══ SOURCE RECORDS

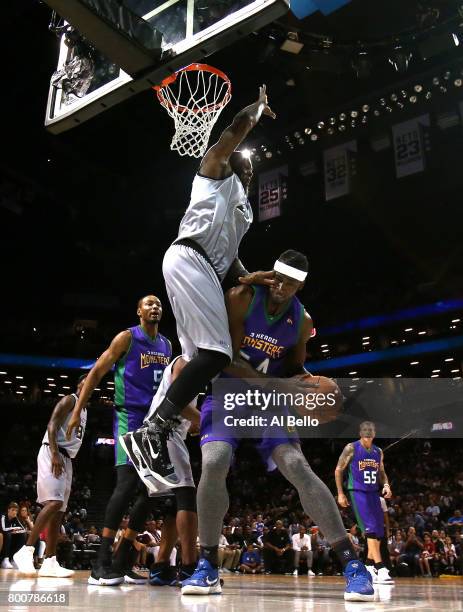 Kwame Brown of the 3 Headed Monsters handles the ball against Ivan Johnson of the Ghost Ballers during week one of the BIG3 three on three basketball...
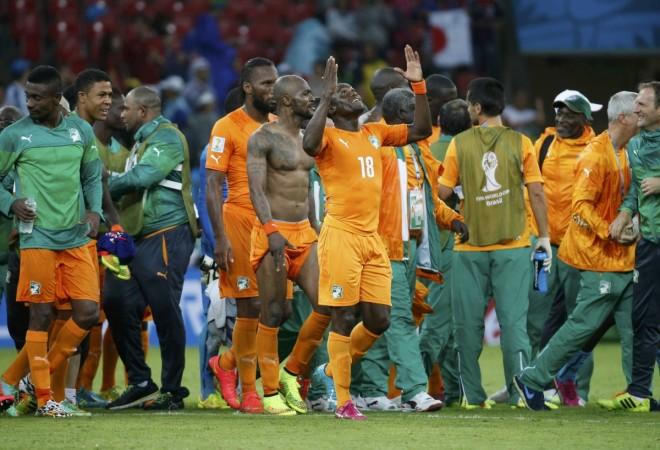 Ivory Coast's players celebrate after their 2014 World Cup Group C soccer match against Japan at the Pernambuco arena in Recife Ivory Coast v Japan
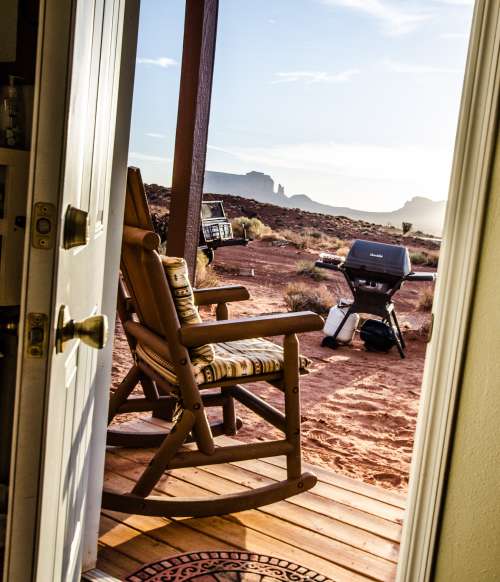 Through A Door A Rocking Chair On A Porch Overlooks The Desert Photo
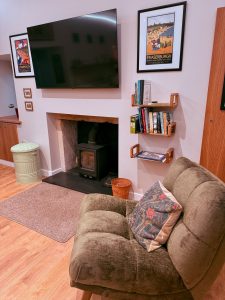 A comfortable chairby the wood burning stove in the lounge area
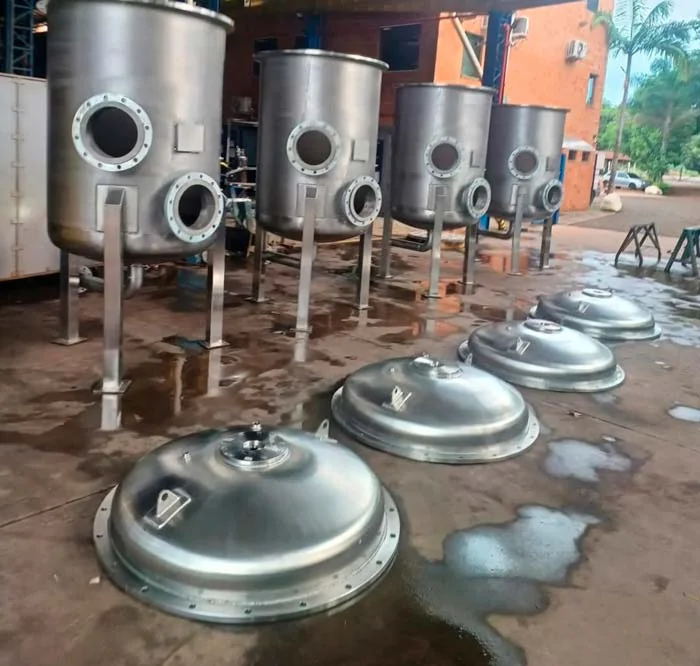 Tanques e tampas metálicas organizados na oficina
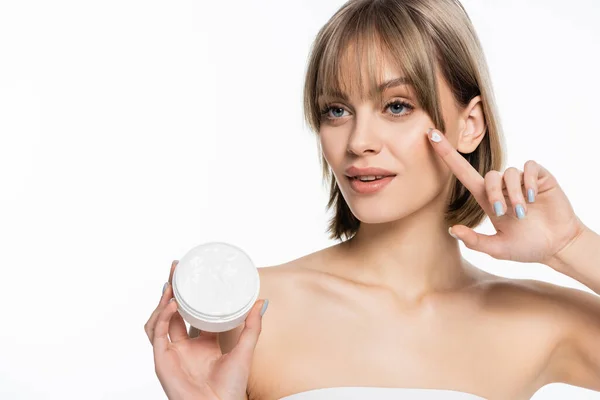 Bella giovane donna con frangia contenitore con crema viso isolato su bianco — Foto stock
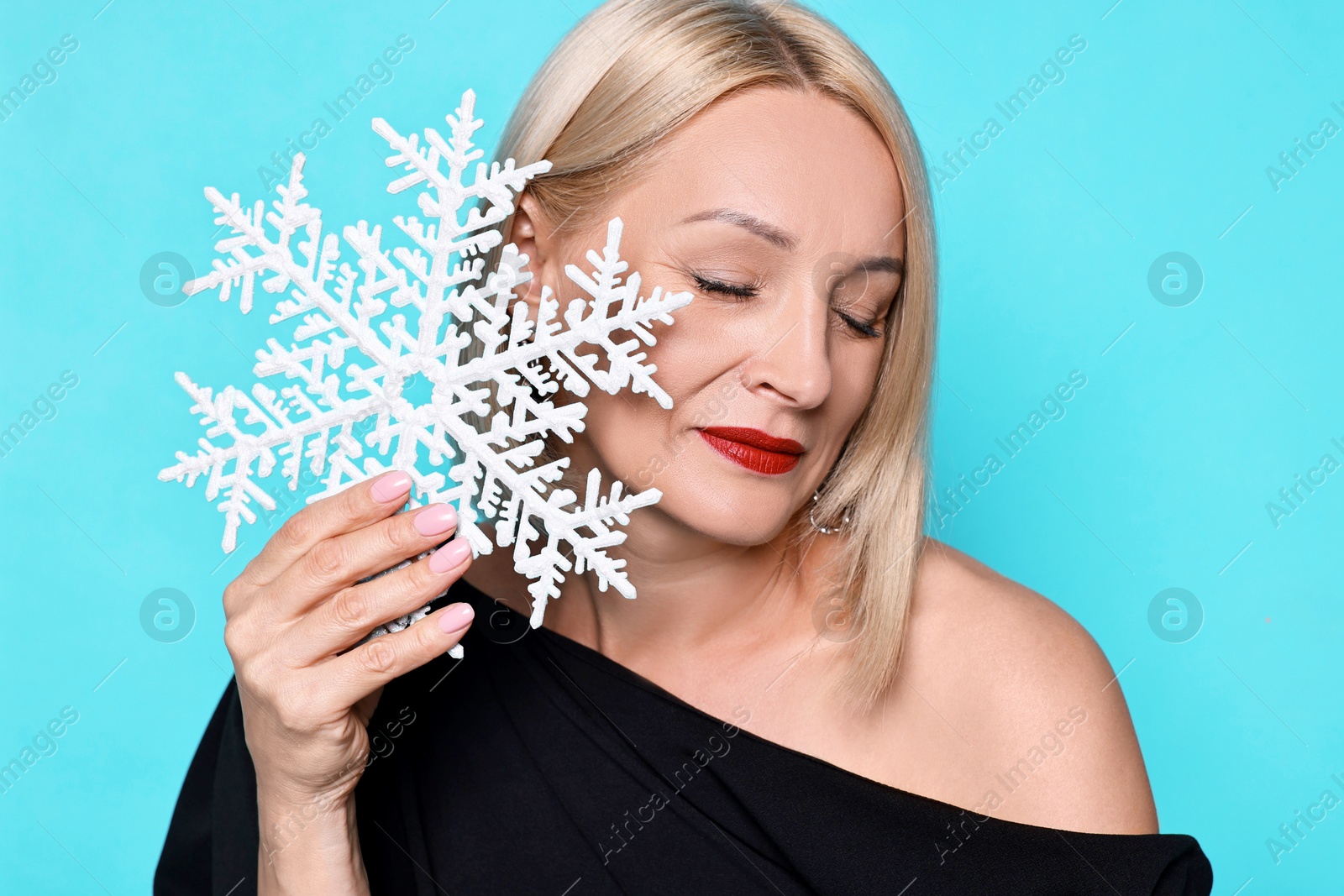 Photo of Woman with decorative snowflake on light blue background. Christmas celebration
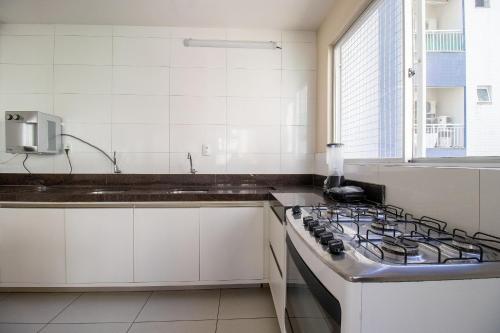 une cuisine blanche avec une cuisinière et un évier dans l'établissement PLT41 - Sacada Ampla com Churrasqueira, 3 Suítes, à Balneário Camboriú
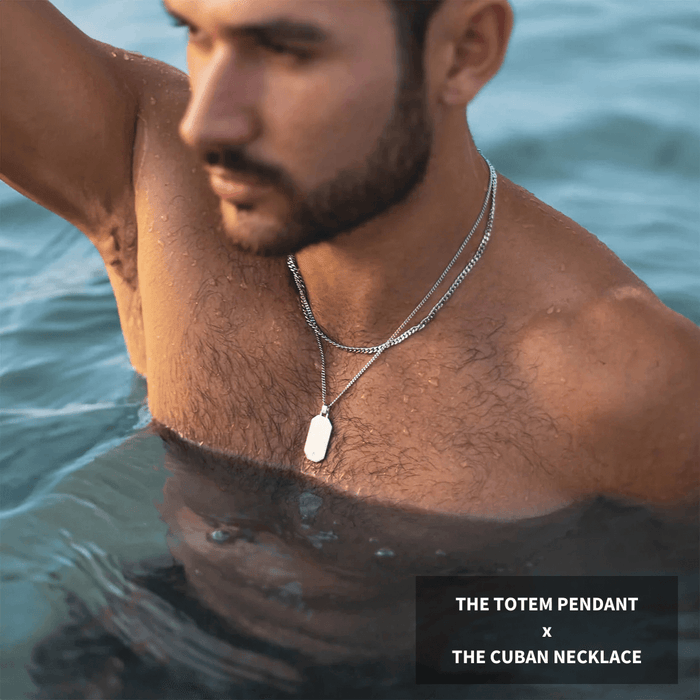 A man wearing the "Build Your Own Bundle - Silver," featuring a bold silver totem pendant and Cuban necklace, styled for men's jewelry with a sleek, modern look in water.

════

[WHAT THIS TASK INVOLVES]
Start at the line containing "Ivory Coast's players" above and stop at the line containing "Bella giovane donna". Output those lines exactly, both included, but none of the pictures.

[EXPECTED ANSWER]
 Ivory Coast's players celebrate after their 2014 World Cup Group C soccer match against Japan at the Pernambuco arena in Recife Ivory Coast v Japan
 Through A Door A Rocking Chair On A Porch Overlooks The Desert Photo
 A comfortable chairby the wood burning stove in the lounge area
 Tanques e tampas metálicas organizados na oficina
 Bella giovane donna con frangia contenitore con crema viso isolato su bianco — Foto stock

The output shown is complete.